It's like something out of the movie "Independence Day," said the anchor when he saw footage of a jetliner spearing the South Tower of the World Trade Center and spewing a dark flame into the sky. Then again, maybe he said it when he, as we all did, watched that tower implode into a giant black flower of dust, like an evil magician's trick. "Like a movie" is what so many of us said in the first days of last week's catastrophe.
It really was "like something in a movie." Didn't the best scene in "Deep Impact" a few fears ago show us the World Trade Center about to be engulfed by a continental-sized tidal wave? Didn't we all thrill and shudder and laugh unself-consciously when we saw the aliens in "Independence Day" zap the White House into pixie dust? Or, when their evil rays upended skyscrapers and annihilated Manhattan streets? We were safe and warm, with our boxes of popcorn in our lap and our cola in the cup holder.
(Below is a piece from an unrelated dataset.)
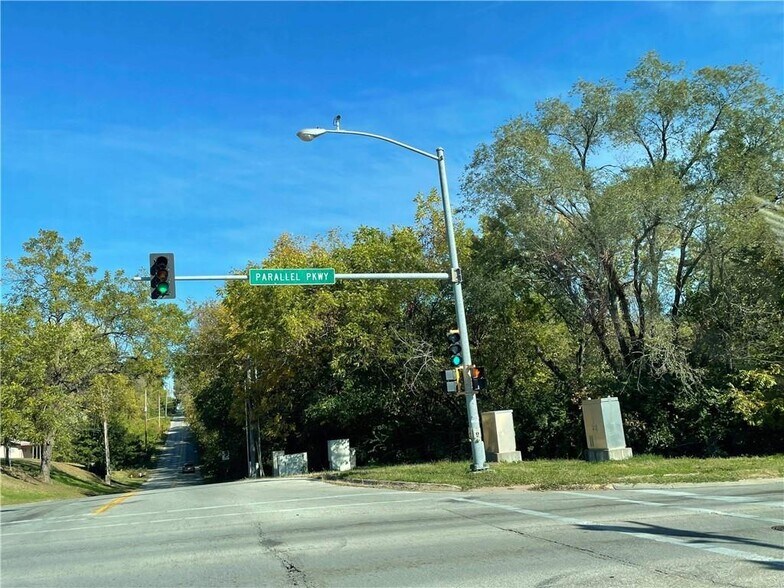 5444 Parallel Pkwy, Kansas City, KS à vendre - Autre - Image 3 de 8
We enjoyed it innocently and immensely for a simple reason: we knew in the deepest parts of us that nothing like it could possibly ever happen. In Fortress America, Washington landmarks were impregnable. The Empire City of the World could be pinpricked but that's all. East Side, West Side, all around the town, the only real demolition would come from tireless urban developers.
Now we know differently. Now we know the truth. And it's absolutely the biggest change in our sense of self that most of us have ever lived through.
When John F. Kennedy was shot on Nov. 22, 1963, I was a sophomore at Syracuse University just getting ready for Thanksgiving break. My sense of the country I lived in was never the same. One day, JFK was the glamorous idealist who awakened the country from its Eisenhower slumber. The next, he was killed in Dallas. And so was the man accused of being his killer. In less than five years, Martin Luther King and Robert Kennedy would also be slain. This was no longer the safe and orderly DeSoto-driving America I'd grown up in.
That was, perhaps, a minor prelude to what we are now experiencing. This is a new world. We've stepped through the movie screen to the other side and it doesn't begin to resemble any special effect we've ever seen. It's more frightening, more banal, more squalid and more heroic, too.
We suspect since last Tuesday that we are the same nation that many of our parents lived in during the Depression and World War II. People have, in the week since the attack, routinely felt an easy unanimity and community that has, perhaps, not happened in America since World War II.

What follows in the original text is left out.